After the completion and testing of the preliminary AEV design, Group F began focusing on the creation of an improved AEV design to correct the flaws of the previous design. As Group F obtained 3rd place in the Grant Proposal, we were entitled to a cost reduction of one-half for a custom part. After some thought, Group F decided on the part below.
Figure 1: The 3D printed part used as a base for the final AEV design.
The idea behind this design was to use two propellers, one at each end of the AEV, and to have the wheel arm pass through the AEV base in such a way as to bring the propellers closer to to the wheels in order to increase efficiency. So that the AEV could still be coupled to the caboose, an arm was added to the base such that a metal clip could still be added to the back of the AEV without interfering with the rear propeller.

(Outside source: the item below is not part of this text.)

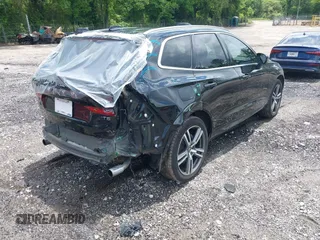 2021 Volvo XC60 Momentum with VIN YV4102DK4M1818887, listed as a IAAI auction lot 42246132 with 58,418 mi miles and . Bid and sale history available at DreamBid. Image 4.
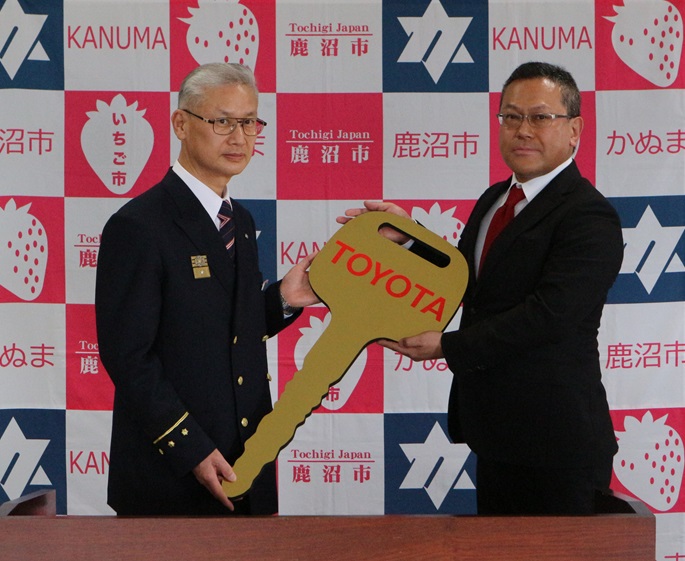 HP1.jpg 救急車寄贈式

Figure 2: The schematic for the final AEV design.
The final design and build utilized by Group F can be found in Figure F above. The design was fairly rudimentary, and relied on the positioning of the Arduino and the battery in order to ensure it was appropriately balanced. The same tests that were run on the previous AEV design were also run on this design to allow for an unbiased and quantitative comparison between the two designs.
Figure 3: A graph of power and distance vs time for the final AEV design’s test run.
The data shown in Figure 3 above displays the results of that testing. When comparing this data with the identical data set obtained from the previous design, Group F determined that the design utilizing the 3D printed part was both more power-efficient and faster. These factors, along with some other such as stability and safety, provided the basis by which Group F selected this to be the final design.